DATASET RECORDS ::
□ □ □

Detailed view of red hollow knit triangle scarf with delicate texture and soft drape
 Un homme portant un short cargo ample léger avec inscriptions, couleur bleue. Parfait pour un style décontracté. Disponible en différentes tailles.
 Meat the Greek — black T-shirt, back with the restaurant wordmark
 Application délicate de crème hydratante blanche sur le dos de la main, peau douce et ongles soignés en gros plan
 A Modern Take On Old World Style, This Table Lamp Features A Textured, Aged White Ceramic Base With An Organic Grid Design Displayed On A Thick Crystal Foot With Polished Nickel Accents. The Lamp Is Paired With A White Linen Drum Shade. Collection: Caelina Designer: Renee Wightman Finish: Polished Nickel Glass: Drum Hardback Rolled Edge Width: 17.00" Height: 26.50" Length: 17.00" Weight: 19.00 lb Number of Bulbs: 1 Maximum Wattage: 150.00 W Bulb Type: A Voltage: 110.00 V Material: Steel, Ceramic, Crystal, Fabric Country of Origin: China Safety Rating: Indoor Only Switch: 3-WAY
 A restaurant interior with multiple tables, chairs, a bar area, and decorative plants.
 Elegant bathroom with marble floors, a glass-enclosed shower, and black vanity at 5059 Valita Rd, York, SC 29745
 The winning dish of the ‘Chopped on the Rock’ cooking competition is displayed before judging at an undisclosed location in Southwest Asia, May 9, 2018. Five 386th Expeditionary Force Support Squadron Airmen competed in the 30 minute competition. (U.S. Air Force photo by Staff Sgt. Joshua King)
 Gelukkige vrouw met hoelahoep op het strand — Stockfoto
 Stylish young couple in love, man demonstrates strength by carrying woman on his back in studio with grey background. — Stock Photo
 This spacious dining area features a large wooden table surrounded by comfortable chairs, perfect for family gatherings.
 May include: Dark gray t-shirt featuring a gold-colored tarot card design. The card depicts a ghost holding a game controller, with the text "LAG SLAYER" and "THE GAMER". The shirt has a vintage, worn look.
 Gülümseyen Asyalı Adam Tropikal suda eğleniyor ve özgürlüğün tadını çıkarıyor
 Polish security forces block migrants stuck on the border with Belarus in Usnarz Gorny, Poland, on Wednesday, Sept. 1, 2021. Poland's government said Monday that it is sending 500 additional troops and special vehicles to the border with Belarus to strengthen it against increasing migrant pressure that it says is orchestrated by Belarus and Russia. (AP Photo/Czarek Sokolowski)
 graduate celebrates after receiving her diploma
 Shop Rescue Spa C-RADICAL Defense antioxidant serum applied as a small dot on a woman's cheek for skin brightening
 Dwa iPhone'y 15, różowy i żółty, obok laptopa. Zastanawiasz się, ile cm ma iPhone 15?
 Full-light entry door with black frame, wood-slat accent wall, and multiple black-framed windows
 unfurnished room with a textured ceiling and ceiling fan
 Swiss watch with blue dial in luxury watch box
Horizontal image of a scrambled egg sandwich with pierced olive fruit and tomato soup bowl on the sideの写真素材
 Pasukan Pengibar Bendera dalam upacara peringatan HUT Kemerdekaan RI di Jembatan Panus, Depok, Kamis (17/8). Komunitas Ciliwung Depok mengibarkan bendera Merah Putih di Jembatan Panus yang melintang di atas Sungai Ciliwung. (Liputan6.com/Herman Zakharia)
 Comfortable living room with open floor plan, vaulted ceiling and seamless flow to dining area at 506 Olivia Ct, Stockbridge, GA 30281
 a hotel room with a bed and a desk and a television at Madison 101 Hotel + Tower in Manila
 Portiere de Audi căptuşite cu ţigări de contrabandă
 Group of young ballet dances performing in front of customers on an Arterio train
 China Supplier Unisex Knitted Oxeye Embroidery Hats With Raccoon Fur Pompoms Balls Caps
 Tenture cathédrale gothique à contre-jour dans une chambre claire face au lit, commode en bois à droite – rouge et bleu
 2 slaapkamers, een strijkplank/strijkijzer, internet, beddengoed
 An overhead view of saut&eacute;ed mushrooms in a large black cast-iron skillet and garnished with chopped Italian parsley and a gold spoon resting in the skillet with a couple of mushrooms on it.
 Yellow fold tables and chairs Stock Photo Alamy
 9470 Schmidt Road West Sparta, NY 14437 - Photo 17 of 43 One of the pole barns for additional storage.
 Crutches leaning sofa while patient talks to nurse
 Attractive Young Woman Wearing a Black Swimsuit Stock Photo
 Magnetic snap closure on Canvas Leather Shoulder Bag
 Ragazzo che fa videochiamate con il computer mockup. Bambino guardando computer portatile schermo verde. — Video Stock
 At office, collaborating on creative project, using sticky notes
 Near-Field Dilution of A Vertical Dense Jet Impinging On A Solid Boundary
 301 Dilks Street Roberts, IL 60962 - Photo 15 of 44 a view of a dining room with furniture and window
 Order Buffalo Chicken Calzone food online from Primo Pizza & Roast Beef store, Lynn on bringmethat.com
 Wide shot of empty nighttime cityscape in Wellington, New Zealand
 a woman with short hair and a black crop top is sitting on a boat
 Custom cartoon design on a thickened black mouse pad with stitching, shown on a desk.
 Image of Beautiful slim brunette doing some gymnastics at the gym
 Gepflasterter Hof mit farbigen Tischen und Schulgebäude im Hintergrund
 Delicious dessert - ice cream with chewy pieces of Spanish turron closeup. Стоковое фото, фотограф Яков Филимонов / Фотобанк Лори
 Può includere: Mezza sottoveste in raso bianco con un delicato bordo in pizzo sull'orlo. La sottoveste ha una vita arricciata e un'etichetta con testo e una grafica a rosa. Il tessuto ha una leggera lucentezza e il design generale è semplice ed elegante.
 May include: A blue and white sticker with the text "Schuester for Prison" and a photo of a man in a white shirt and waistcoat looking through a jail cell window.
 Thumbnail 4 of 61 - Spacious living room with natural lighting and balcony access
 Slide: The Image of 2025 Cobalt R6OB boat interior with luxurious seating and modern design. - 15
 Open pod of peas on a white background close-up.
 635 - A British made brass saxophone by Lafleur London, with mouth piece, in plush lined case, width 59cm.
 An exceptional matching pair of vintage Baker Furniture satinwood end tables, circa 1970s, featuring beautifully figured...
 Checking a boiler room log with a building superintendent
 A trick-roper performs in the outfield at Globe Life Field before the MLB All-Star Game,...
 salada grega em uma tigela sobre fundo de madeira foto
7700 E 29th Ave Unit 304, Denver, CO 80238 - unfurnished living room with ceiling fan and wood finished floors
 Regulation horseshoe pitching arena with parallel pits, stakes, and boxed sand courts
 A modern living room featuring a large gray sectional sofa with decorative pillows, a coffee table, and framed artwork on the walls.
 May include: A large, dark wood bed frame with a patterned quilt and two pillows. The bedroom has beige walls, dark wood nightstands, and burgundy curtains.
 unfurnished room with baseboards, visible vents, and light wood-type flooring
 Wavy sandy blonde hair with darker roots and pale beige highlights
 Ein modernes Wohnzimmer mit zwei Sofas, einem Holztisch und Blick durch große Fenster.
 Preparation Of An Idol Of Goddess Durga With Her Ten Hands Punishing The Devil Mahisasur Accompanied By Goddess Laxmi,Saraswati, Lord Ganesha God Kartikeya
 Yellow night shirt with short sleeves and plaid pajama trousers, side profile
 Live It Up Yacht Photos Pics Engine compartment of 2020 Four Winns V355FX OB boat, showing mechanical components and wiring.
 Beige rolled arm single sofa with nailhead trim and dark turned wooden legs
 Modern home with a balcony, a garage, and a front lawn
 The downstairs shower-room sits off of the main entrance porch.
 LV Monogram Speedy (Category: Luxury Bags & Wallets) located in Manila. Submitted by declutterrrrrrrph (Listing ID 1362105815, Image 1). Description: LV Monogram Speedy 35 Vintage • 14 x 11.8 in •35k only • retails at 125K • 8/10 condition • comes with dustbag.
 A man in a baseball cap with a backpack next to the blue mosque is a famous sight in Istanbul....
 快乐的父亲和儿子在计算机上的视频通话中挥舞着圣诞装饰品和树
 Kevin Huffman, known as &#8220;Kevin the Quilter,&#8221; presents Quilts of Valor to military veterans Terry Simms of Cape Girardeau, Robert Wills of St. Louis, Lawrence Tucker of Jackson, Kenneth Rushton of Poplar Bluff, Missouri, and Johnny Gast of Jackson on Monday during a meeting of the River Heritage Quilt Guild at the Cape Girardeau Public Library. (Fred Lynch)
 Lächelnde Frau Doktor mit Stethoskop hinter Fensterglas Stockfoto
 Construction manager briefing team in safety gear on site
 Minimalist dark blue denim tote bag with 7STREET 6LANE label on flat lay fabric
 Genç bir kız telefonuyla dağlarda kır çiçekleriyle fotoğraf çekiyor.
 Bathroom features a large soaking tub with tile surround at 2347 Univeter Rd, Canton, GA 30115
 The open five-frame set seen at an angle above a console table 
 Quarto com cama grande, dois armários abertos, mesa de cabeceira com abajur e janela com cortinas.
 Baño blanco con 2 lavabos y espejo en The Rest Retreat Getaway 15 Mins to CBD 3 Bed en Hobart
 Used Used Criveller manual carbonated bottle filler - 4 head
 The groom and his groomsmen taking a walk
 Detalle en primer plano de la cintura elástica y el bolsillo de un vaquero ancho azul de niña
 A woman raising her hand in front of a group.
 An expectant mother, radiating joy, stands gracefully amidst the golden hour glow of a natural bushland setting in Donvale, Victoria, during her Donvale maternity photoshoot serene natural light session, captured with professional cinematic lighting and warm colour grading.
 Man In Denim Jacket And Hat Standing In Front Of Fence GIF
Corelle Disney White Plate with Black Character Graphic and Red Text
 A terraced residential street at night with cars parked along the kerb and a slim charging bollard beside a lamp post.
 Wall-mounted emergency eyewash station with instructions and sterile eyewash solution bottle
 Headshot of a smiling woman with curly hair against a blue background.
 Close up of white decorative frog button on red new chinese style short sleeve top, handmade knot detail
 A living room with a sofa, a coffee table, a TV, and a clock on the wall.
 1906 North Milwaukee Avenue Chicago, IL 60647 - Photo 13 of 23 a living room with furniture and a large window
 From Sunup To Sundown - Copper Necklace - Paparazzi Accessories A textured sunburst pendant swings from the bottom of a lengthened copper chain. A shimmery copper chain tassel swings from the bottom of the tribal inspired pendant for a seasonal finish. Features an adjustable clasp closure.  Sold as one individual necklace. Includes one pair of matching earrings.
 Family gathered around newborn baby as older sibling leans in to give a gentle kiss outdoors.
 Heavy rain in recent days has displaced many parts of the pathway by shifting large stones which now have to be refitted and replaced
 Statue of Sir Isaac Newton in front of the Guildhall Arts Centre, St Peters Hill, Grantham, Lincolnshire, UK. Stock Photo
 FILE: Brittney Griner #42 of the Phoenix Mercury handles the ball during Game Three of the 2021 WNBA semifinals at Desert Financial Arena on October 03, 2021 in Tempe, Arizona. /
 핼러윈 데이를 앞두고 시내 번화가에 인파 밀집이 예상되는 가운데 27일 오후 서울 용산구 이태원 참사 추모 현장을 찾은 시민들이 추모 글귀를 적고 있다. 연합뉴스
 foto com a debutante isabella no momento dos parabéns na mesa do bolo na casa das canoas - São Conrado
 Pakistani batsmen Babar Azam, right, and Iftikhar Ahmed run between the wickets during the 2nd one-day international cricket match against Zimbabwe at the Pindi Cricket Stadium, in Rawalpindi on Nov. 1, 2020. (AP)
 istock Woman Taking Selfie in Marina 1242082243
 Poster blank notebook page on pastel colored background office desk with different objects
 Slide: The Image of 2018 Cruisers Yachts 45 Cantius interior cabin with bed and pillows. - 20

□ □ □

Referring to the material above, set down exactly the lines between the line with "Live It Up Yacht" and the line with "The open five-frame", inclusive, and no other lines.

ANSWER TO THIS TASK ::
 Live It Up Yacht Photos Pics Engine compartment of 2020 Four Winns V355FX OB boat, showing mechanical components and wiring.
 Beige rolled arm single sofa with nailhead trim and dark turned wooden legs
 Modern home with a balcony, a garage, and a front lawn
 The downstairs shower-room sits off of the main entrance porch.
 LV Monogram Speedy (Category: Luxury Bags & Wallets) located in Manila. Submitted by declutterrrrrrrph (Listing ID 1362105815, Image 1). Description: LV Monogram Speedy 35 Vintage • 14 x 11.8 in •35k only • retails at 125K • 8/10 condition • comes with dustbag.
 A man in a baseball cap with a backpack next to the blue mosque is a famous sight in Istanbul....
 快乐的父亲和儿子在计算机上的视频通话中挥舞着圣诞装饰品和树
 Kevin Huffman, known as &#8220;Kevin the Quilter,&#8221; presents Quilts of Valor to military veterans Terry Simms of Cape Girardeau, Robert Wills of St. Louis, Lawrence Tucker of Jackson, Kenneth Rushton of Poplar Bluff, Missouri, and Johnny Gast of Jackson on Monday during a meeting of the River Heritage Quilt Guild at the Cape Girardeau Public Library. (Fred Lynch)
 Lächelnde Frau Doktor mit Stethoskop hinter Fensterglas Stockfoto
 Construction manager briefing team in safety gear on site
 Minimalist dark blue denim tote bag with 7STREET 6LANE label on flat lay fabric
 Genç bir kız telefonuyla dağlarda kır çiçekleriyle fotoğraf çekiyor.
 Bathroom features a large soaking tub with tile surround at 2347 Univeter Rd, Canton, GA 30115
 The open five-frame set seen at an angle above a console table 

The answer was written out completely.